▶ _Raw data_
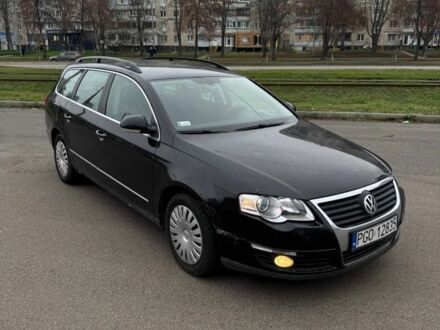 Черный Фольксваген Пассат Вариант, объемом двигателя 1.9 л и пробегом 250 тыс. км за 3300 $, фото 1 на Automoto.ua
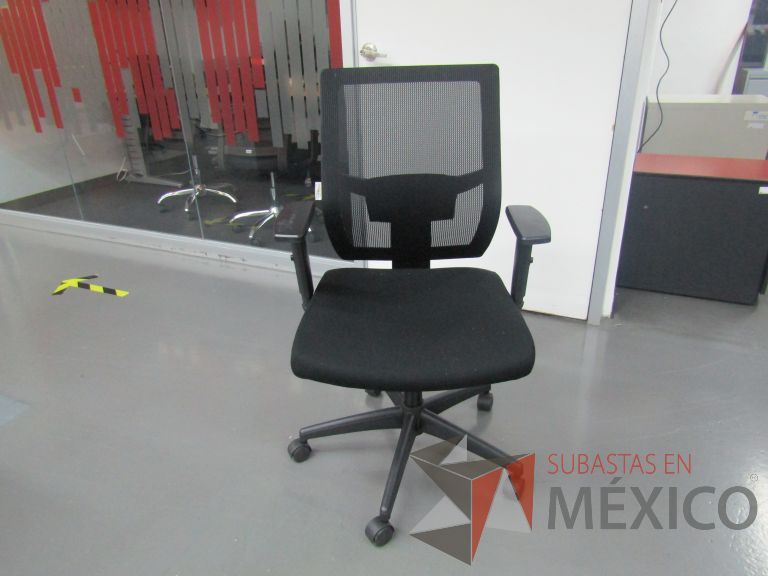 Lote 151 - Silla ejecutiva con ruedas, descansabrazos, respaldo en malla y asiento en tela color negro - Imagen 4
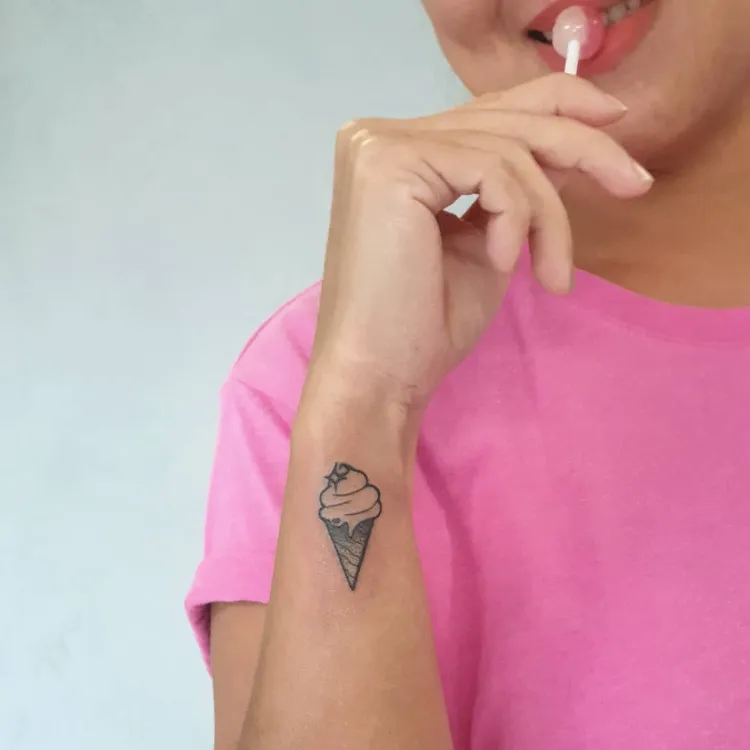 tatouage poignet femme discret cornet glace idée girly mignonne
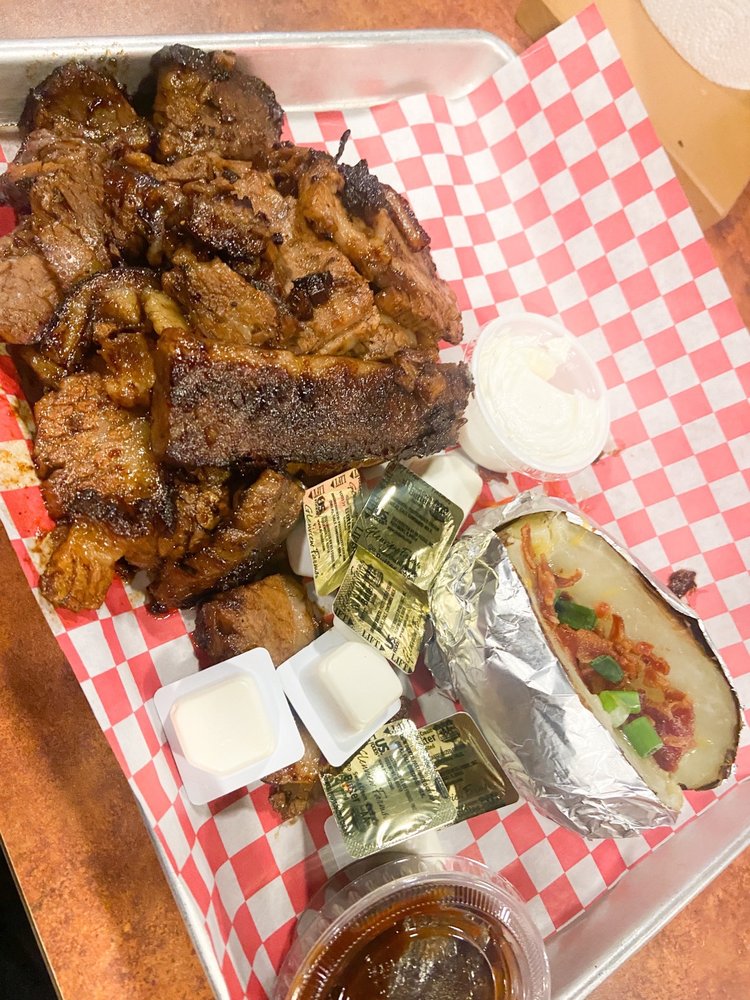 PIERCE ROAD BAR AND GRILL Updated October 2024 18 Photos & 28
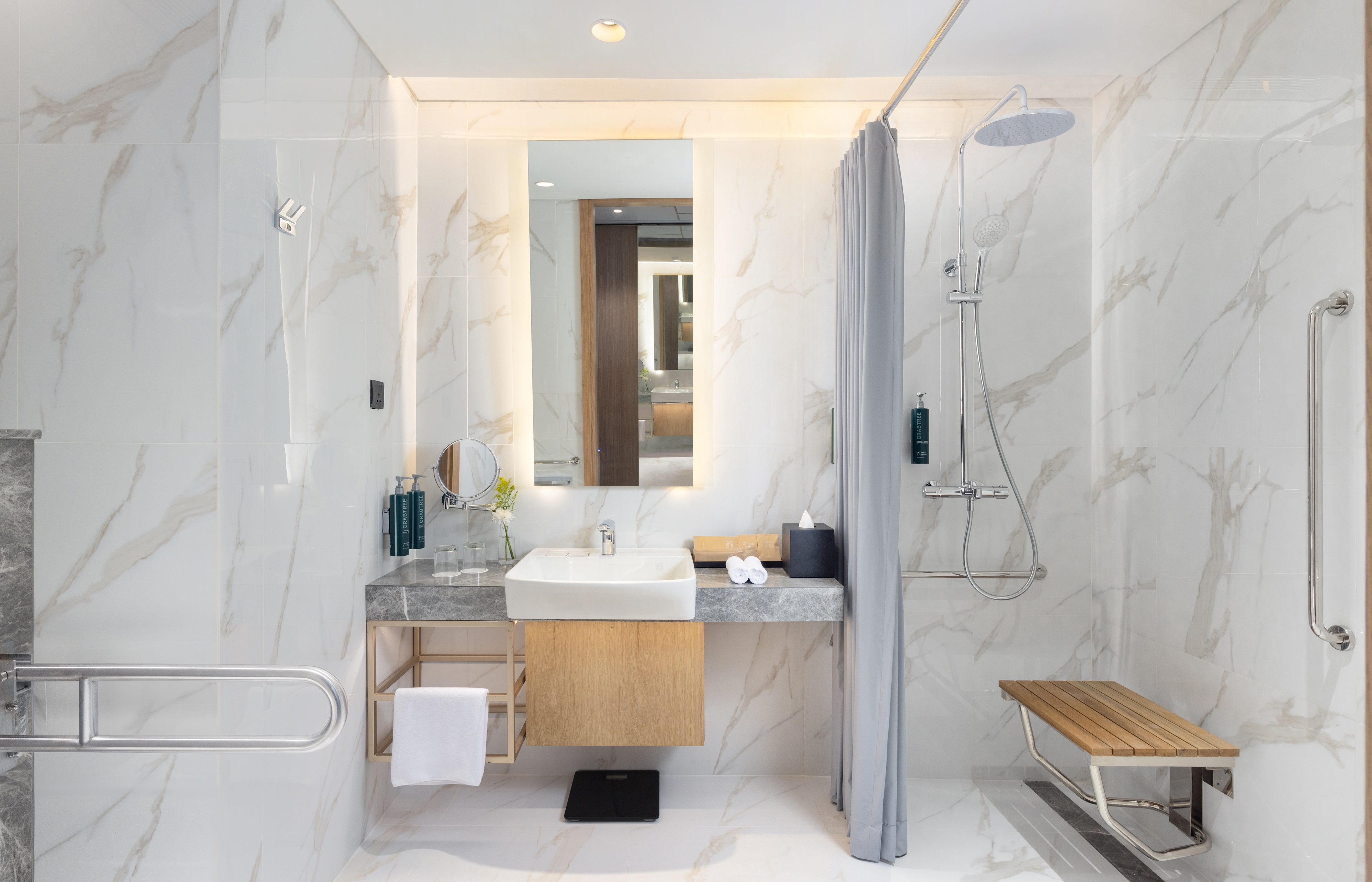 Double Accessible King Size Bed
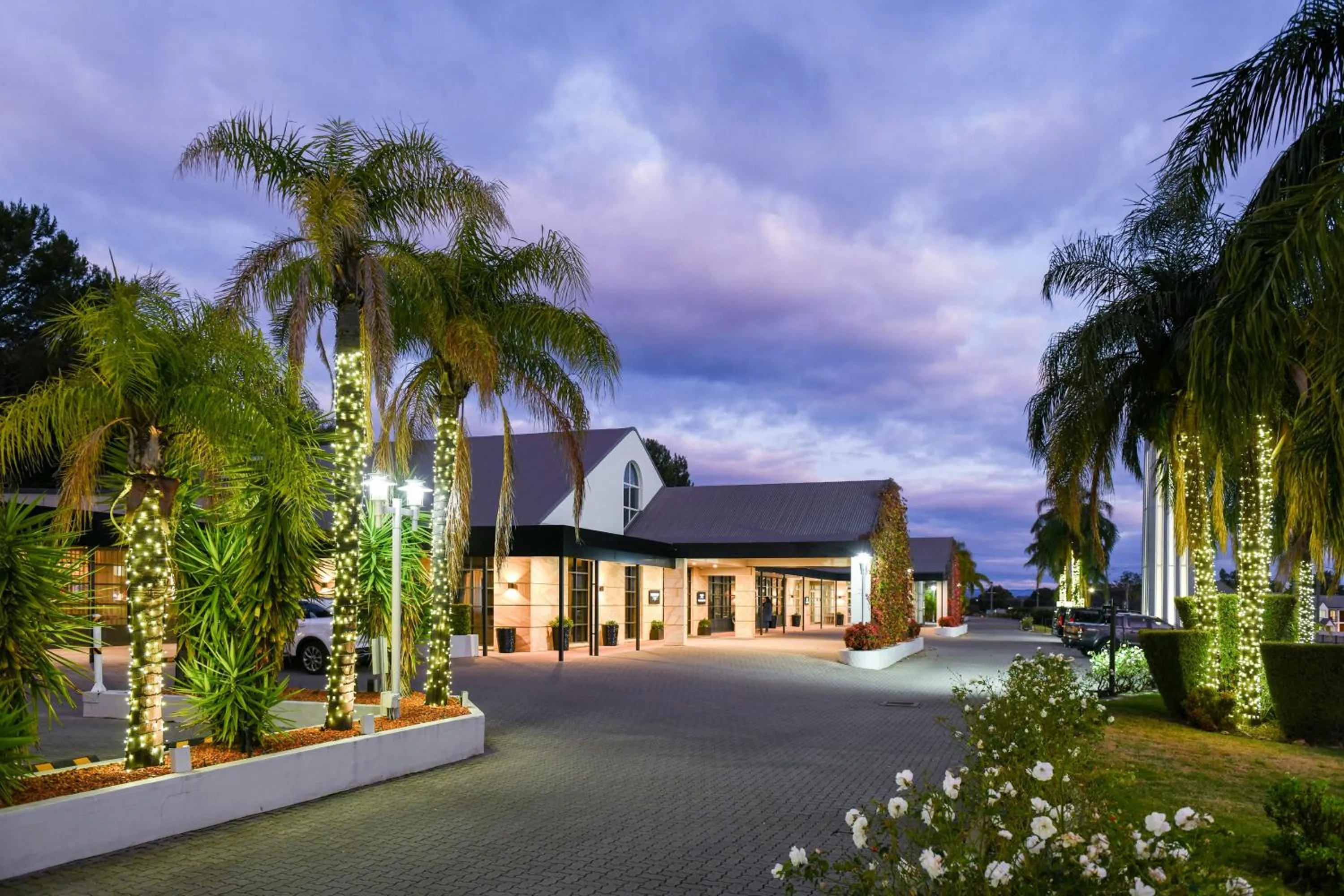 Property building in Powerhouse Hotel Tamworth by Rydges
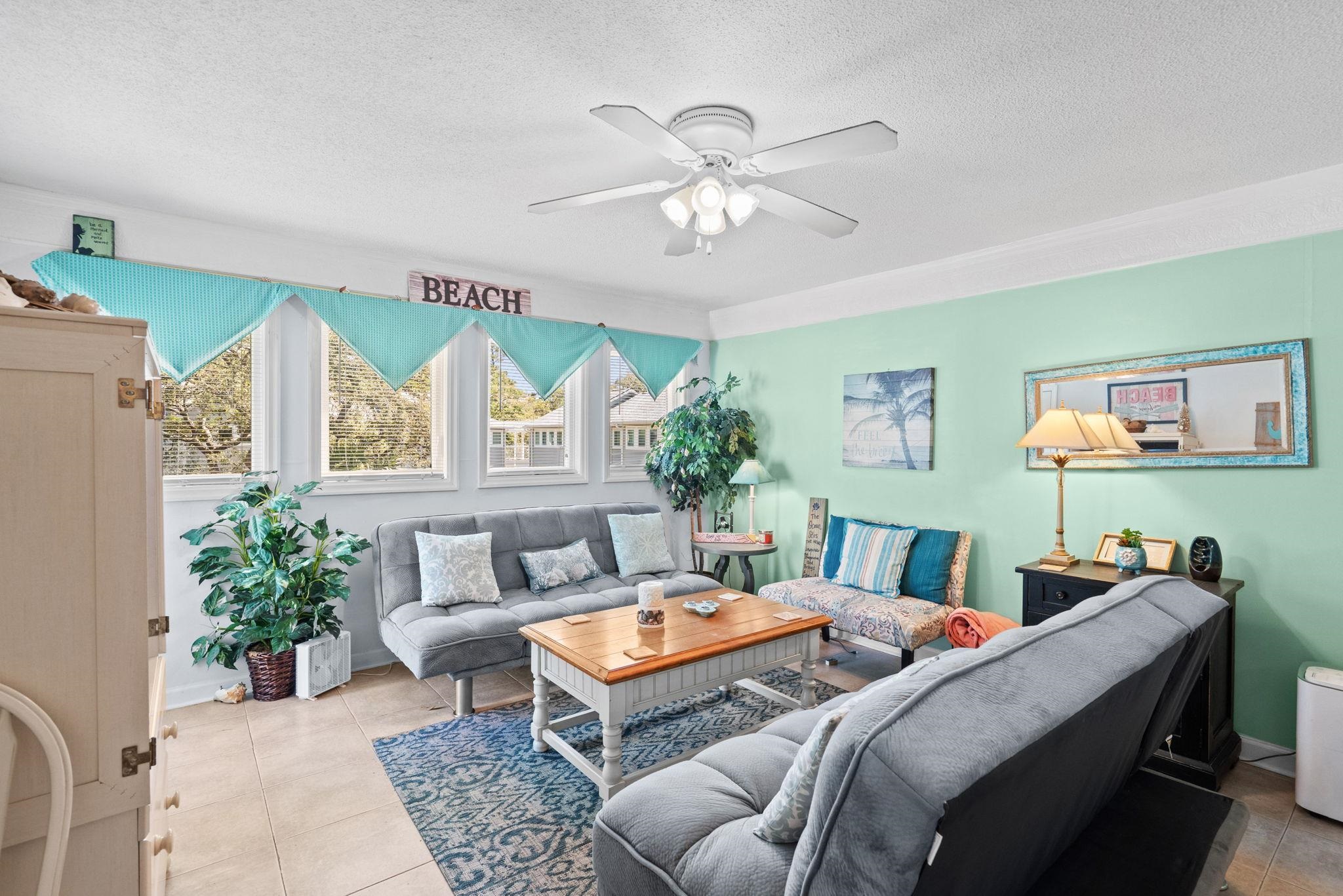 5905 S Kings Hwy. Unit: 4301D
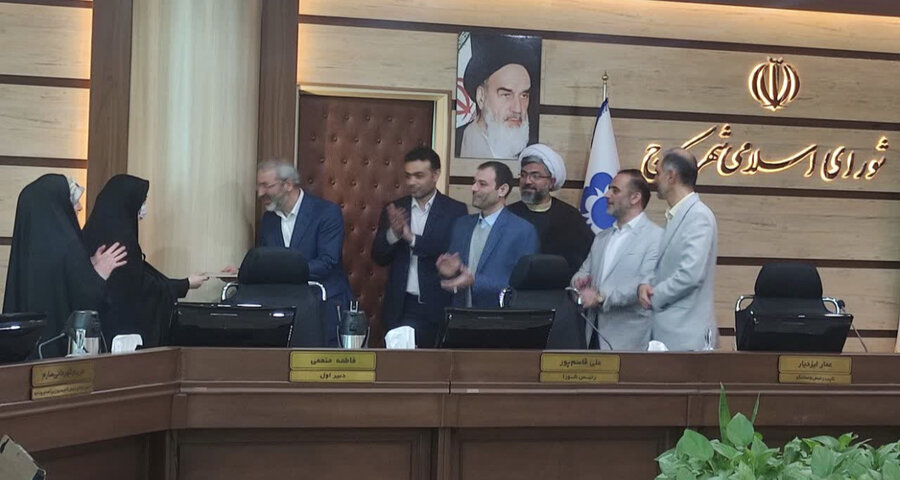 رئیس و اعضای شورای اسلامی شهر از شهردار کلانشهر کرج تقدیر کردند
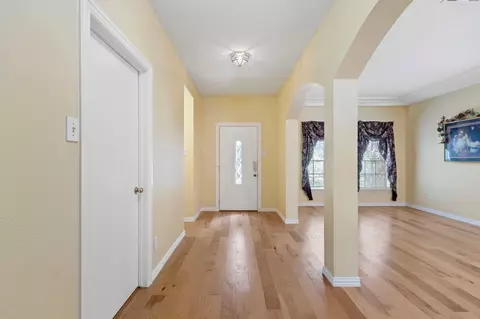 Entry Way - 1306 Coppercrest Dr, Spring, TX 77386 photo 4 of 7
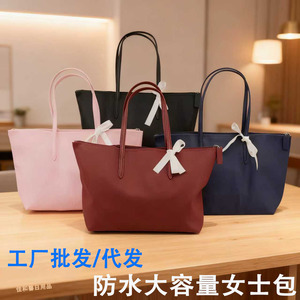 Bolso Tote Impermeable de Mujer Estilo Cocodrilo Francés, Gran Capacidad, Ligero, Sencillo, para el Día a Día, con Lazo a Rayas, Negro, Primavera 2025 - Product Image 5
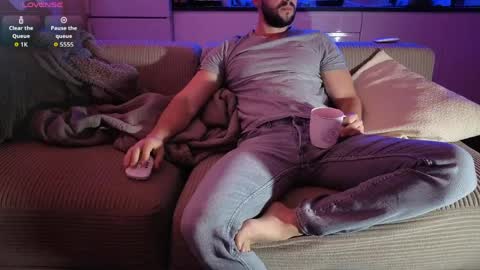 Snapshot of boiteasex chatting on April 6, 4:21 am boiteasex online show from April 6, 4:21 am
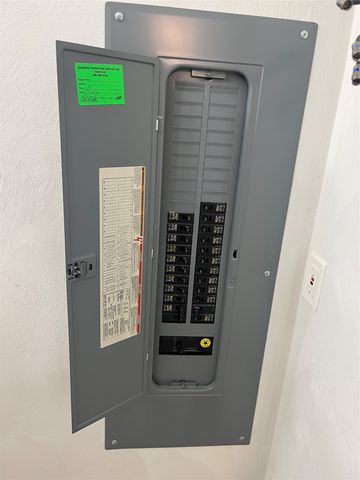 221 W CENTER Street 1, Meadville, PA 16335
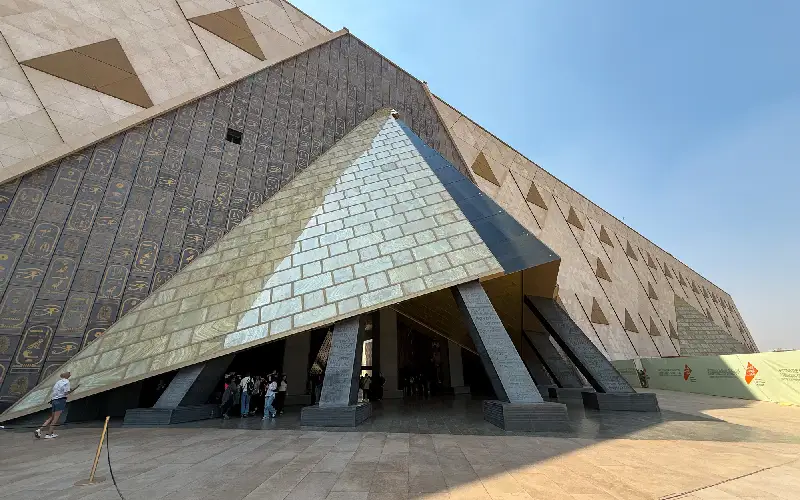 Egypt Pyramids & Red Sea Diving Adventure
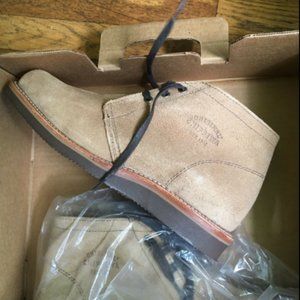 chippewa milford casual chukka boots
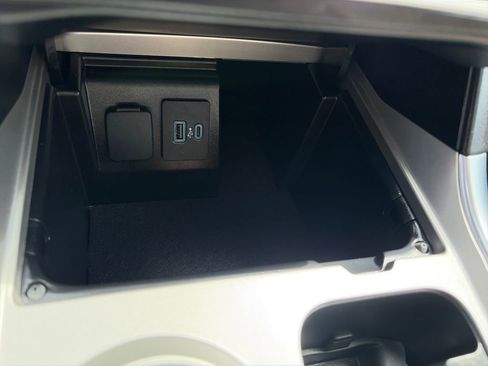 Used 2024 Ford Explorer XLT w/ Equipment Group 202A image 24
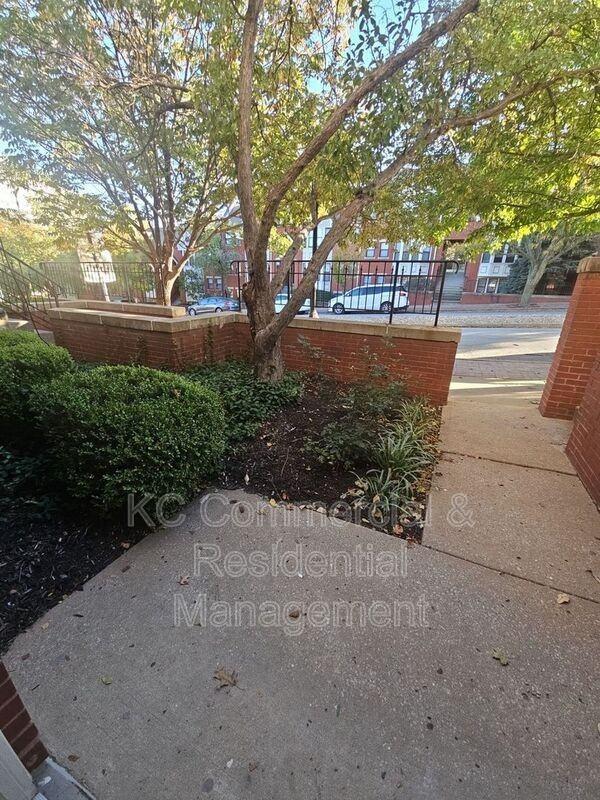 530 W 10th St #530 - Photo 3 of 13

▶ _Task description_
Every line in the data above needs to be given again exactly, pictures aside.

▶ _Finished exercise_
 Черный Фольксваген Пассат Вариант, объемом двигателя 1.9 л и пробегом 250 тыс. км за 3300 $, фото 1 на Automoto.ua
 Lote 151 - Silla ejecutiva con ruedas, descansabrazos, respaldo en malla y asiento en tela color negro - Imagen 4
 tatouage poignet femme discret cornet glace idée girly mignonne
 PIERCE ROAD BAR AND GRILL Updated October 2024 18 Photos & 28
 Double Accessible King Size Bed
 Property building in Powerhouse Hotel Tamworth by Rydges
 5905 S Kings Hwy. Unit: 4301D
 رئیس و اعضای شورای اسلامی شهر از شهردار کلانشهر کرج تقدیر کردند
 Entry Way - 1306 Coppercrest Dr, Spring, TX 77386 photo 4 of 7
 Bolso Tote Impermeable de Mujer Estilo Cocodrilo Francés, Gran Capacidad, Ligero, Sencillo, para el Día a Día, con Lazo a Rayas, Negro, Primavera 2025 - Product Image 5
 Snapshot of boiteasex chatting on April 6, 4:21 am boiteasex online show from April 6, 4:21 am
 221 W CENTER Street 1, Meadville, PA 16335
 Egypt Pyramids & Red Sea Diving Adventure
 chippewa milford casual chukka boots
 Used 2024 Ford Explorer XLT w/ Equipment Group 202A image 24
 530 W 10th St #530 - Photo 3 of 13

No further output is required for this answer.